CogVideo is an open source text-/image-/video-to-video generation project that hosts the CogVideoX family of diffusion-transformer models and end-to-end tooling. The repo includes SAT and Diffusers implementations, turnkey demos, and fine-tuning pipelines (including LoRA) designed to run across a wide range of NVIDIA GPUs, from desktop cards (e.g., RTX 3060) to data-center hardware (A100/H100). Current releases cover CogVideoX-2B, CogVideoX-5B, and the upgraded CogVideoX1.5-5B variants, plus image-to-video (I2V) models, with options for BF16/FP16/FP32—and INT8 quantized inference via TorchAO for memory-constrained setups. The codebase emphasizes practical deployment: prompt-optimization utilities (LLM-assisted long-prompt expansion), Colab notebooks, a Gradio web app, and multiple performance knobs (tiling/slicing, CPU offload, torch.compile, multi-GPU, and FA3 backends via partner projects).
Features
- Multiple tasks: text-to-video, image-to-video, and video-to-video generation.

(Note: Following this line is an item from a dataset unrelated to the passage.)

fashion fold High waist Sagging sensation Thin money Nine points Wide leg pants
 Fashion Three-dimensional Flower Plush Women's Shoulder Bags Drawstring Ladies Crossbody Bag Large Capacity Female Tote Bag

- Dual stacks: SAT implementations and Diffusers pipelines with shared demos.
- Fine-tuning recipes (incl. LoRA), plus cogvideox-factory for single-GPU (4090) training.
- Quantized inference (INT8 via TorchAO) and memory optimizations (CPU offload, tiling, slicing).
- Ready-to-run assets: Colab notebooks, CLI demos, and a Gradio web UI with tools (SR/interp).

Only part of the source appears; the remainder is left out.